* **SOURCE MATERIAL**:
+---+

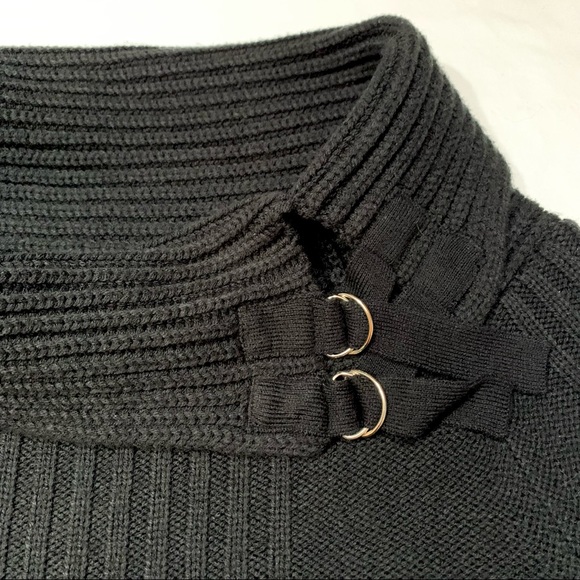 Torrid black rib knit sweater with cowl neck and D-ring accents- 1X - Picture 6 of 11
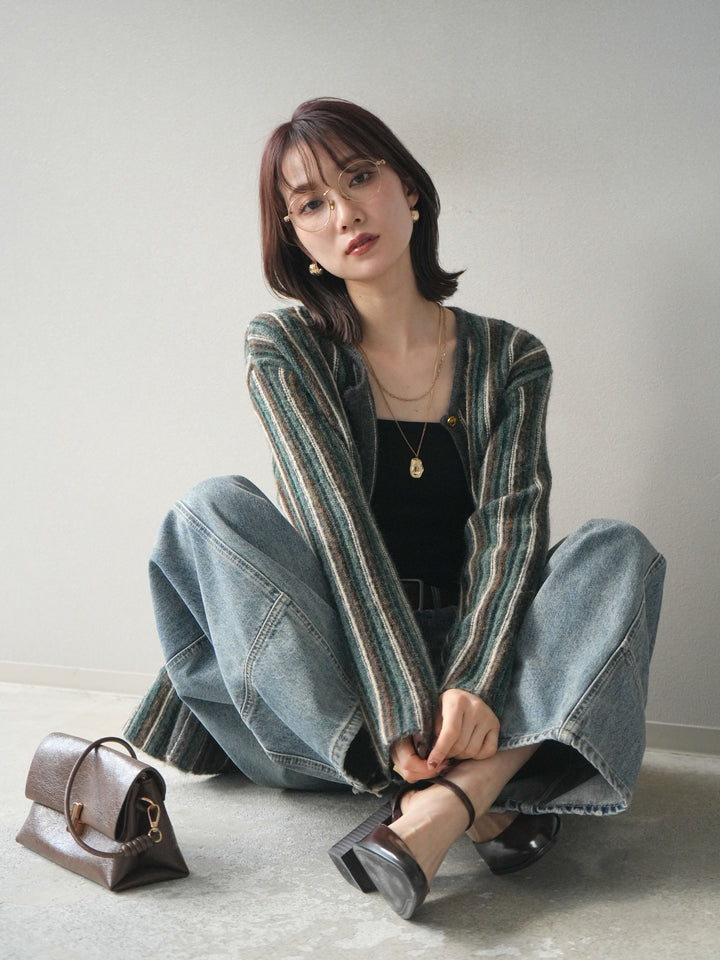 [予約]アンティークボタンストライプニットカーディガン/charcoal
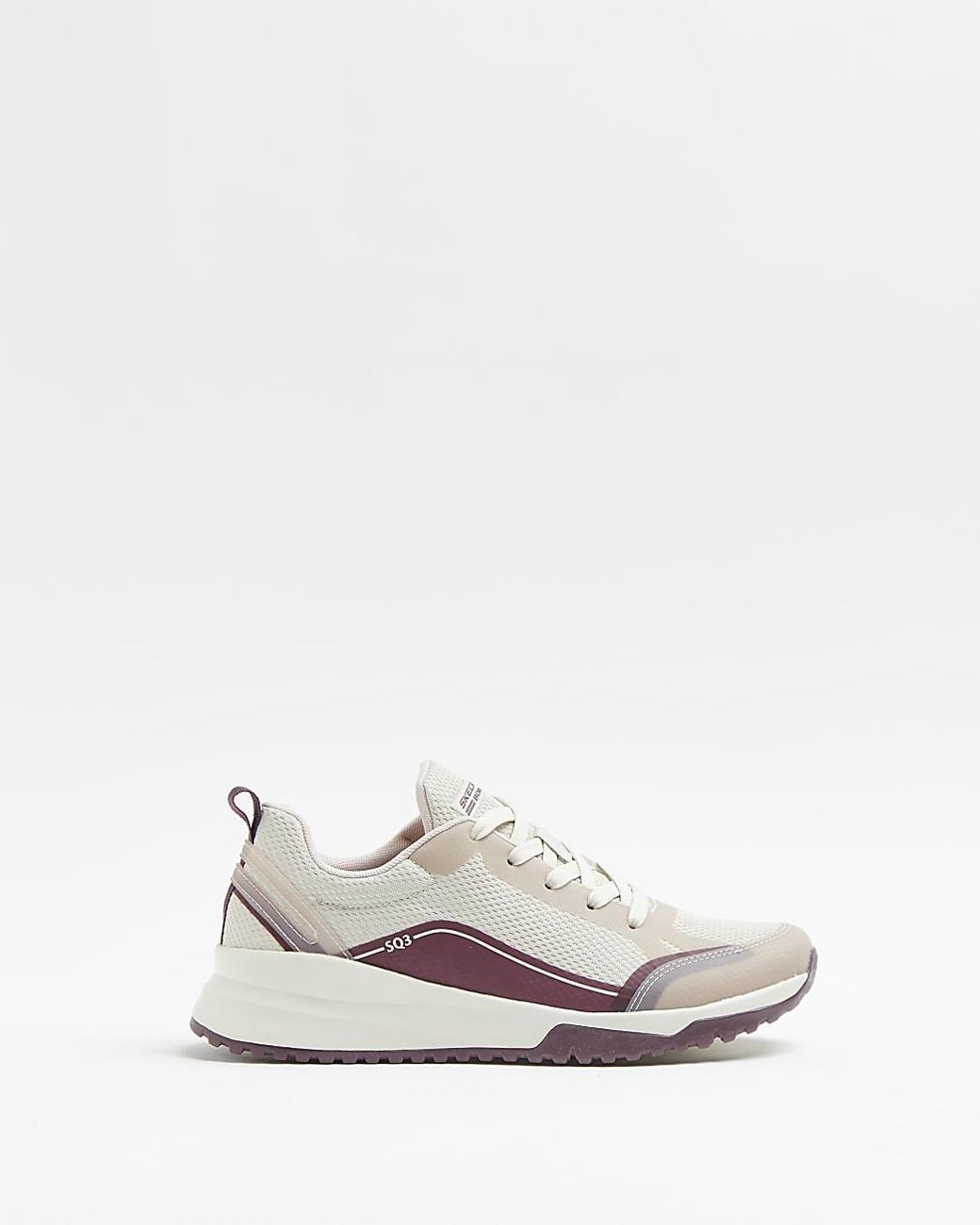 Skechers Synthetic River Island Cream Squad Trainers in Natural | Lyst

+---+

* **ASSIGNED TASK**: The answer should match the data above word for word, with no pictures in it.

* **ANSWER AREA**:
 Torrid black rib knit sweater with cowl neck and D-ring accents- 1X - Picture 6 of 11
 [予約]アンティークボタンストライプニットカーディガン/charcoal
 Skechers Synthetic River Island Cream Squad Trainers in Natural | Lyst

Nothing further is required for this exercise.